Bir '-mış lı geçmiş zaman eki ' bile yeterlidir ne kadar kuvvetli ve yetkin bir dil olduğuna. Dil bilimde müthiş bir icattir ya da (inananlar için) ilahi bir hediye.
Sözcükler üzerinden Türk Dili'ne saldırmak bayağılığına yapan bir basit kişi daha. Binlerce kilometre öteden gelip onlarca coğrafyaya yerleşip hem siyasi hem de kültürel etkisiyle yüzlerce yıllık devletler kuran Türk Ulusunun dilinde yabancı sözcüklerin girmesi pek doğal bir durumdur. Bu durum Türkçeyi yermez bilakis Türkçenin kendi doğal sınırlarından çok uzak coğrafyalarda bile ayakta olduğunun resmidir. Eğer linguistik, fonetik vb. bir açıdan herhangi bir yorum olsa idi ciddiye alınabilirdi. Görüldüğü üzere bahsettiklerimle uzaktan yakından bir alakasi yoktur. Bu sözler olsa olsa hezeyanıdır.
Bakınız efendiler! Eğer Türk'ün varlığı ve diliyle bir sorununuz varsa ise Türki devletler dışında her yer sizin ülkeniz olabilir. Kimsenin size ihtiyacı ve mecburiyeti yoktur. Bizleri vatanımızla başbaşa bırakınız.
Bir Türkçe öğretmeni olarak bu başlığı uygun bulmuyorum.
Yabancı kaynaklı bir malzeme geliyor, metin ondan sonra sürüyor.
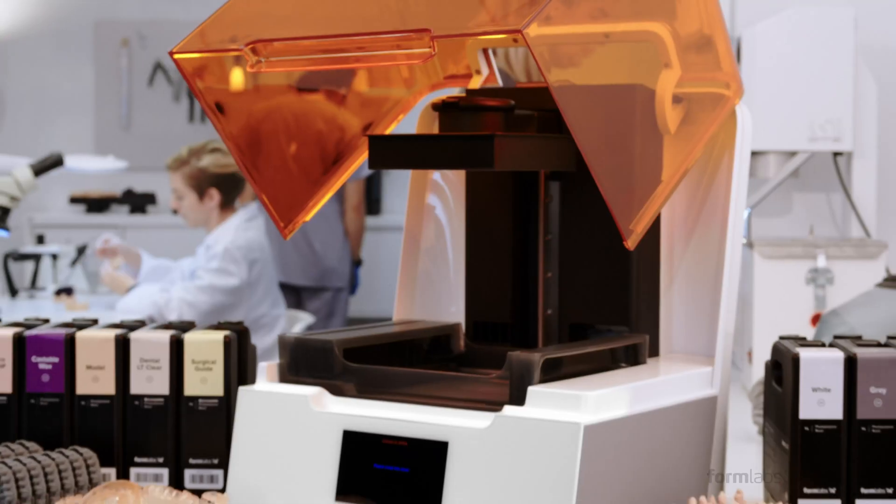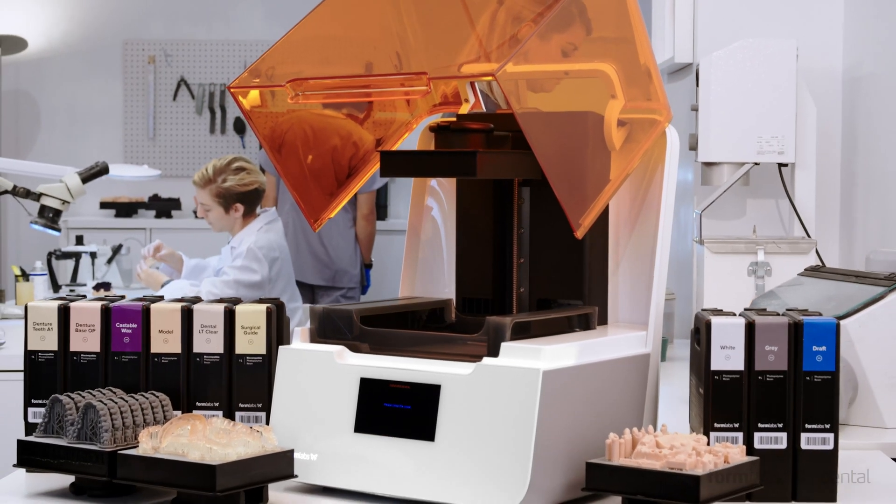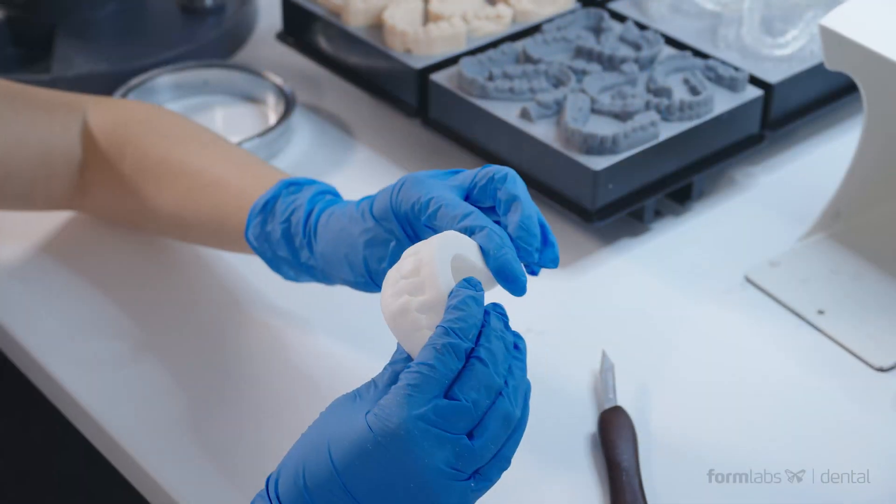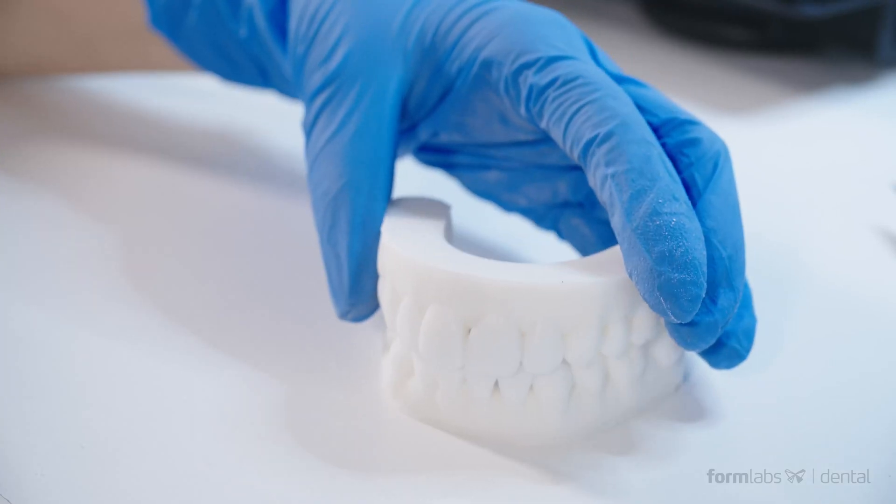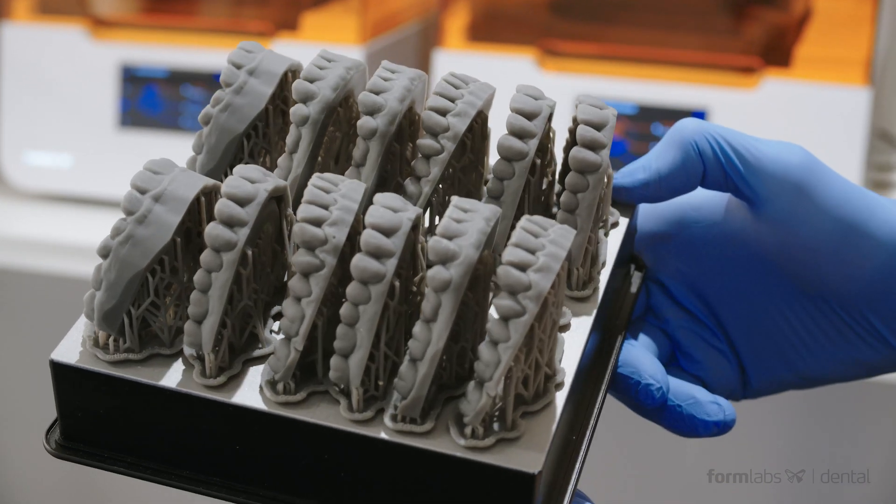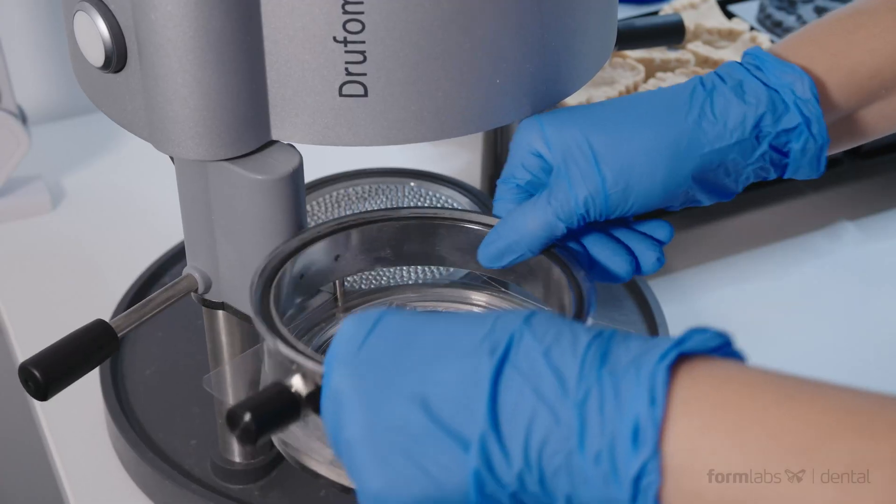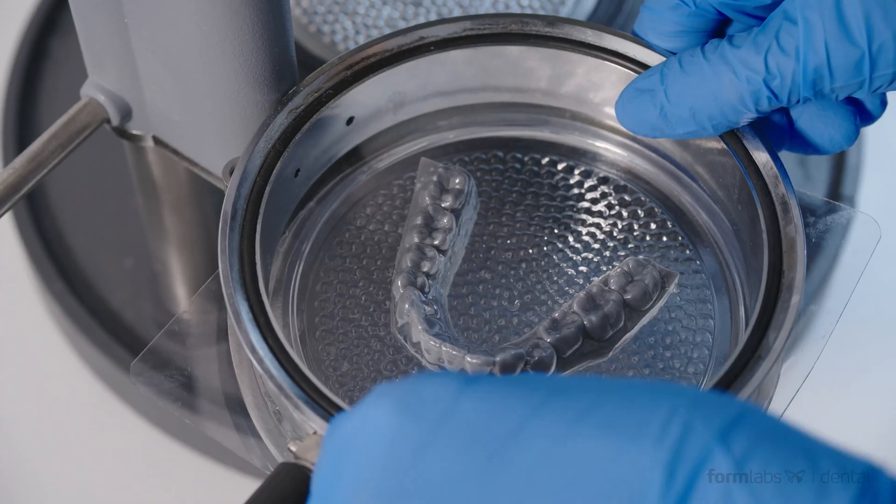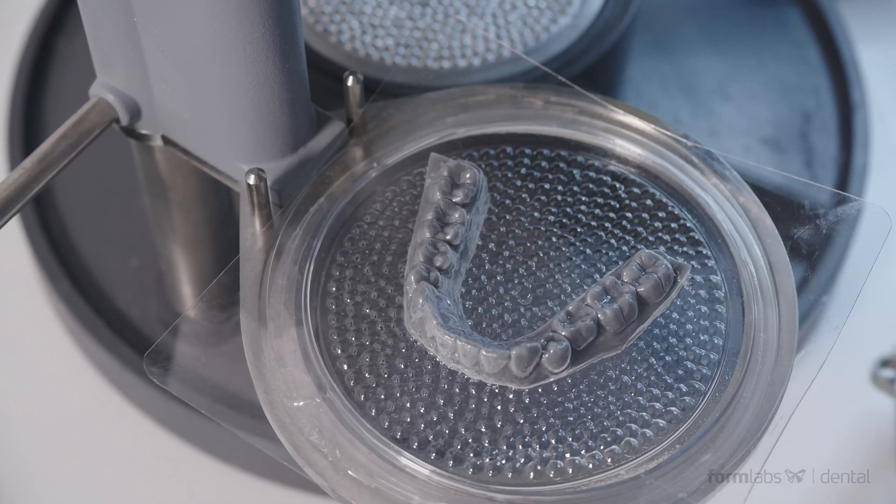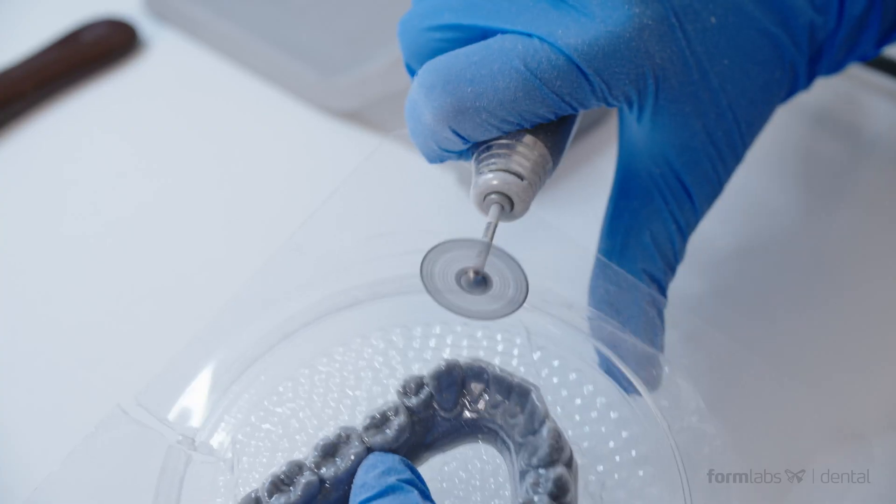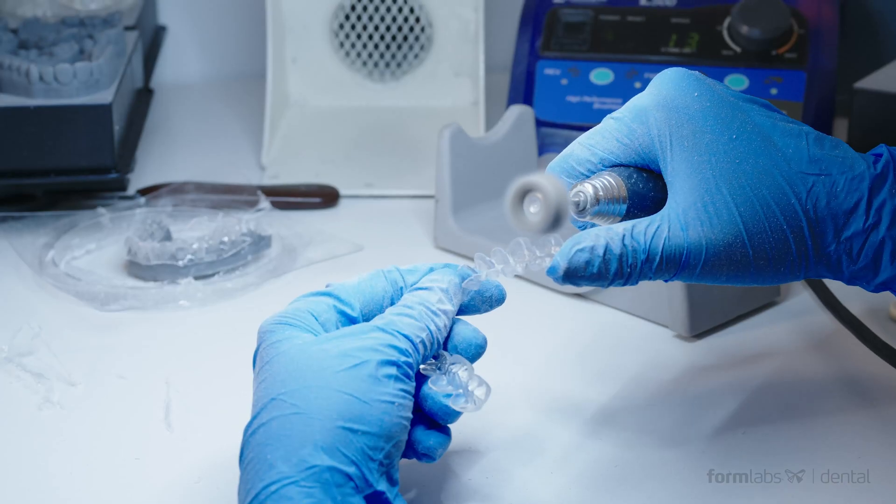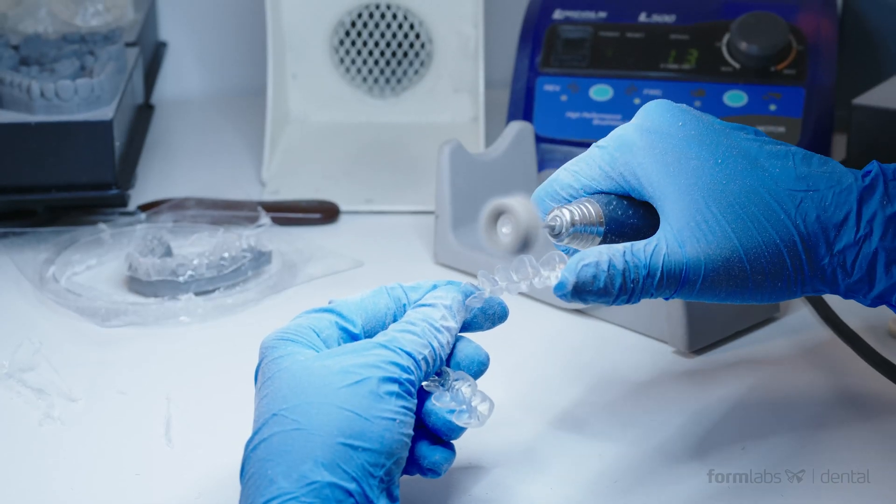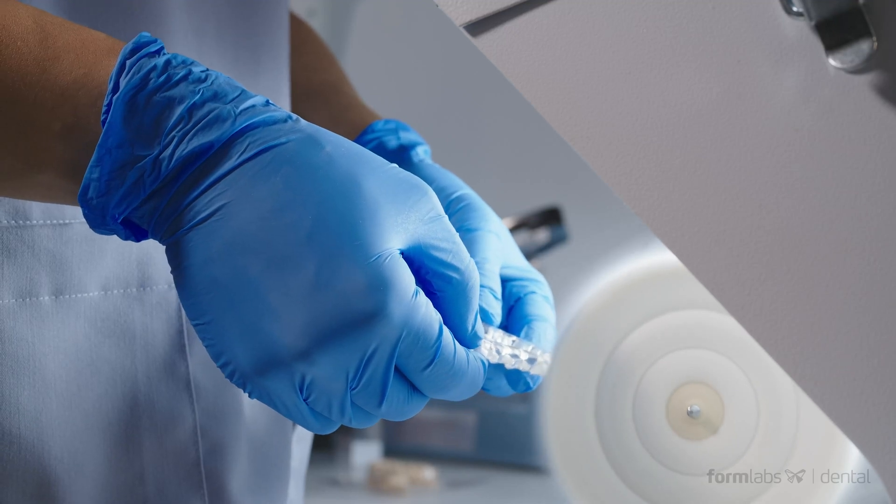Everything about the Form 3B was designed to help anyone achieve better results with less effort. And more parts per job means less time, less effort, and better margins. Orthodontic practices can see an average of 55% less labor and costs compared to competitive 3D printers.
Türkçenin dil yapısı olarak Arapça ve Farsça dan üstünlüğü ''Muhakemetül Lugateyn'' adlı eser ile kanıtlanmıştır. Ayrıca dünya üzerindeki nüfusları esas aldığımızda en geniş toprak arazisi üzerinde ilk 5'e giren konuşma dilidir. Saçma olan ne anlamadım.
(bkz: Türkiye Türkçesi)
(bkz: Azerice)
(bkz: Türkmence)
(bkz: Kazakça)
(bkz: Özbekçe)
(bkz: Kırgızca)
(bkz: uygurca)
Hala Osmanlıca diyen cahiller var. Zaten Arapça ve Farsça kelime ve tamlamalar Osmanlı Türkçesi’ nde yoğunluktaydı.Hem Arapça Farsça olmasın hem de Osmanlı Türkçesi olsun diyen birinin edebiyat bilgisi yoktur. Onları kınıyorum. insan bir şey söylemeden önce düşünür lakin insanda düşünce gücü olmayınca direkt ağzına geleni söyleyiveriyor. Orta Asya’dan Anadolu’ya gelirken islamın etkisiyle dilimize Arapça ve Farsça kelimeler girmiştir.Bu bozulmuş dili zaten yüksek zümre konuşmaktaydı. Halk Türkçe’nin daha öz halini konuşmaktaydı.
Özellikle Tanzimat döneminden sonra Milli Edebiyat döneminde dilde sadeleşme ve yabancı kelimelerden arınma çalışmaları başlamıştır. Çok cahilsiniz.
Saflığını koruyabilen bir dil bugüne kadar var olmamıştır. Her dil yaşadığı coğrafyadan, etkileşimde bulunduğu kültürden, içinde bulunduğu çağdan etkilenir. Bunda abartılacak bir şey yoktur hatta dil zenginliği olarak da kabul edilebilir.
Asıl sinir bozucu olan Türkçesi varken başka bir dildeki halini kullanmaktır.